As an HR Generalist we deal with employment relations issues everyday. It could be anything from payroll issues, holiday entitlements, sick leave issues, poor performance to misconduct. Each of these things impacts the employee and can be the difference between a happy or disgruntled employee.
As an HR professional we are expected to display excellent communication skills during the types of conversations we have on a daily basis, but another skill equally important is we need to have the ability to empathise. Now, I’m not talking sympathy, because we are here to represent the employer and be objective, so this can be a very fine line! Empathy is the capacity to recognise emotions that are being experienced by another human being. I believe everyone has a degree of empathy and the ability to use it, but unfortunately I also believe that cynicism can cloud empathy.
When we are confronted with an employment situation where feelings are involved between two people, HR is expected to be impartial and support the manager in resolving the issue. However, how can one be an effective HR professional when cynicism has overcome our ability to be empathetic towards someone’s emotions and situation?
When an employee comes to you with an issue and asks you to work with their manager to try to resolve it, we cannot allow the cynic in us about certain people or characteristics impact our ability to do our job. There may be a history where the employee is labelled a complainer, or is well known to HR, but does that mean we don’t do our job as an HR professional? I believe we must treat each case in good faith and with empathy for how someone is feeling about a certain situation.
HR professionals go through years and years of working with managers on employment issues and it is expected that they will see similar cases arise again and again – bullying, high sick leave, medical incapacity, poor performance, misconduct. Some employees may present similar attitudes or similar contributions to their current predicament, but as professionals we need to ensure that exposure to these situations doesn’t taint our empathy to do our jobs and to do our jobs well. We need to treat each employee as a unique human being, with unique emotions and unique coping mechanisms in each new and unique situation. As HR professionals we need to ensure we act in good faith and work with managers to get the best possible outcome for all involved, even if that outcome may be a compromise.

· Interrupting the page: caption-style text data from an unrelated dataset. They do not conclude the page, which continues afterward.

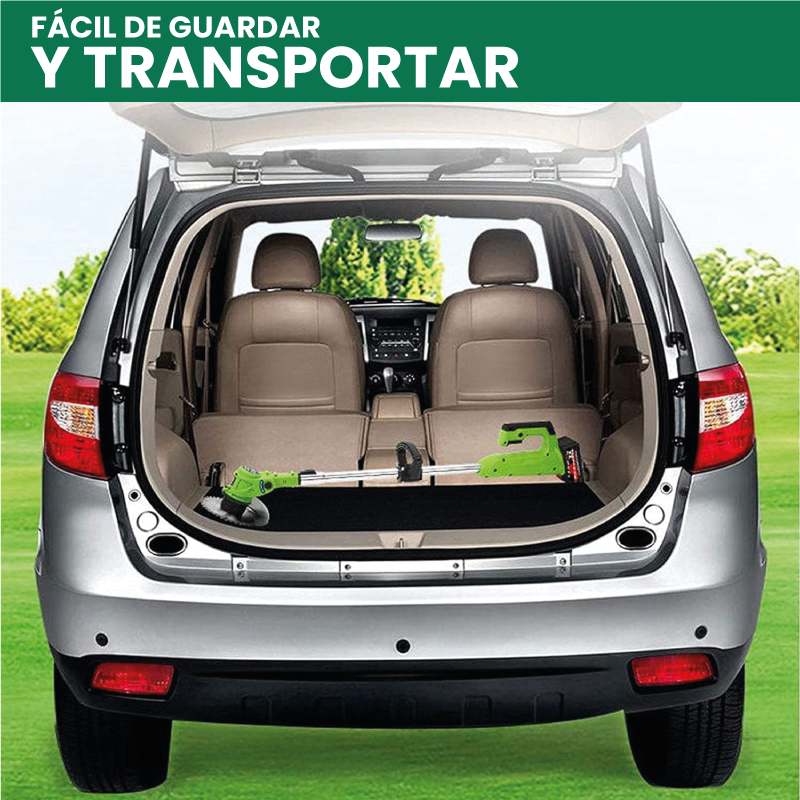 Cortadora y Podadora Inalámbrica GardenPro®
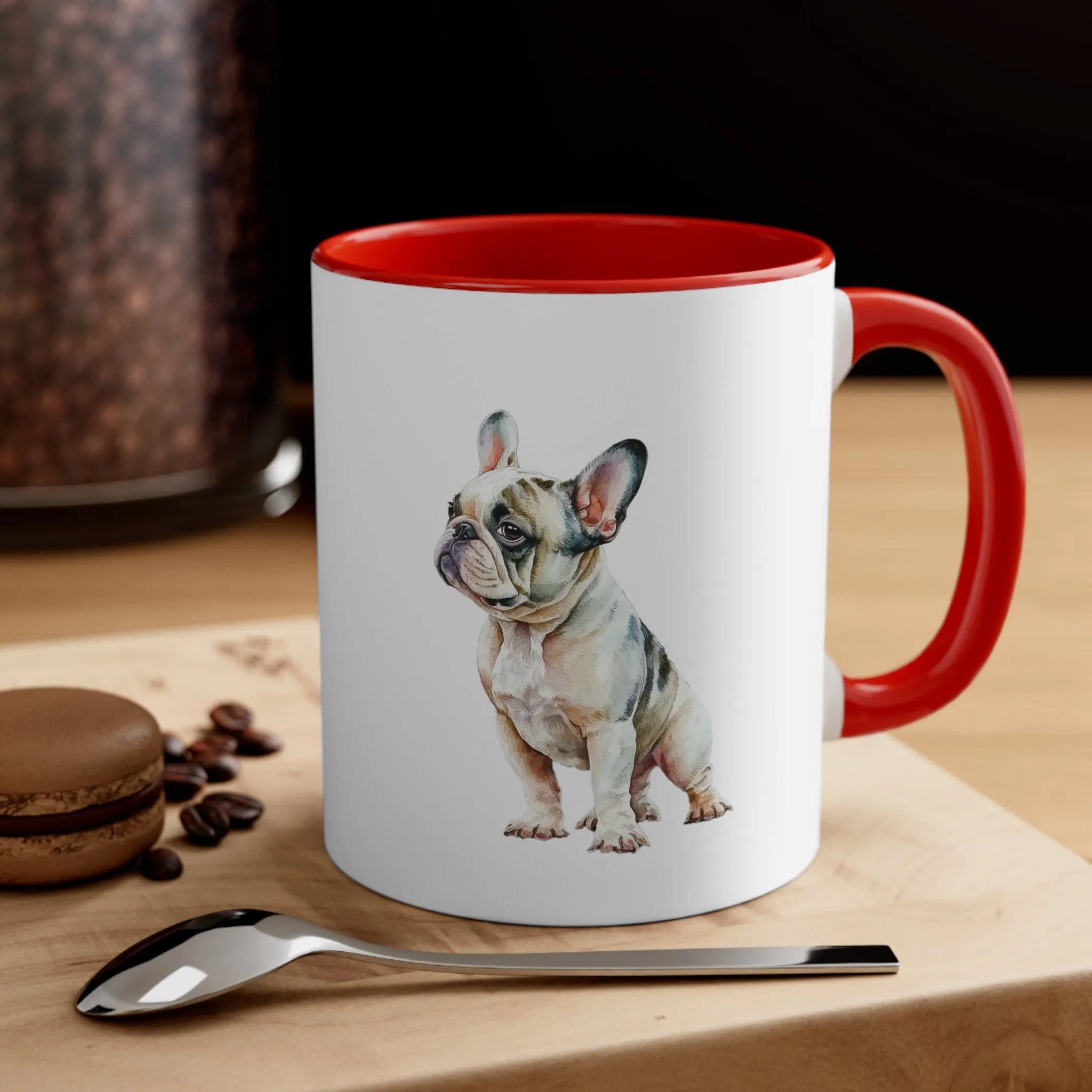 I Will Love You Forever Memorial Dog Mug - Multi-Color Coffee Mug for Dog Lovers and Pet Owners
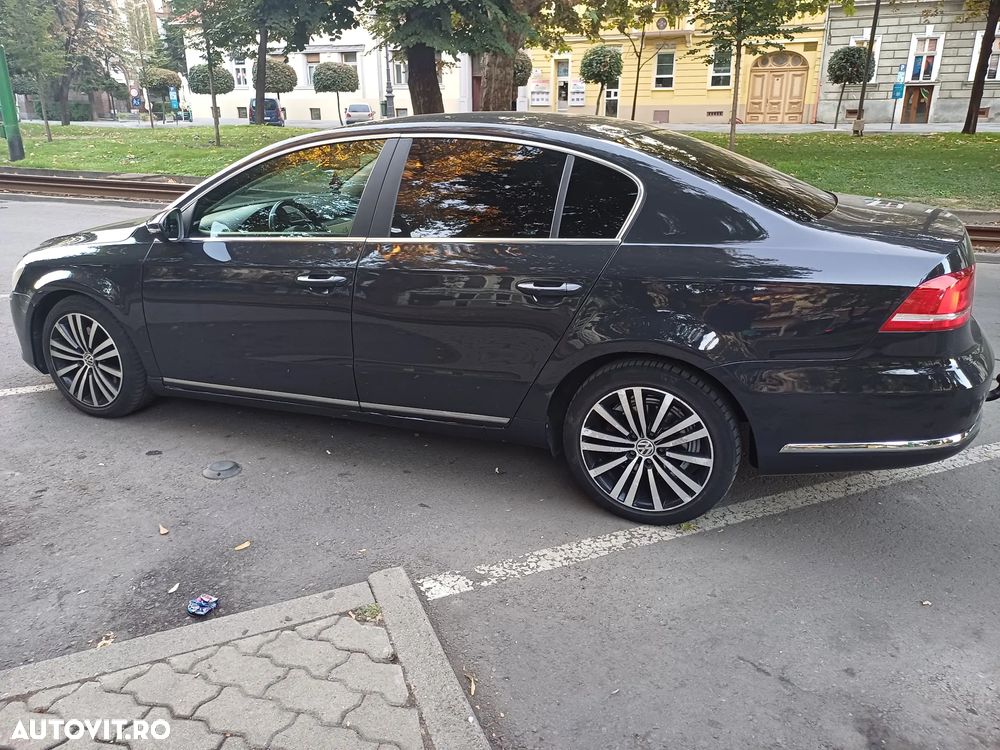 Volkswagen Passat 2.0 TDI BlueMotion Tehnology Highline - 3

It is human nature to get tired of having to deal with the same thing over and over again, but in regards to employment issues, even though the type of situation may be the same, the details and feelings are not. We need to be sure we are going into each case with a clear head and with no preconceived feelings about the situation or person. We need to be impartial and professional and ensure that we provide the employee with time and consideration they deserve. So please leave your cynicism at the front door.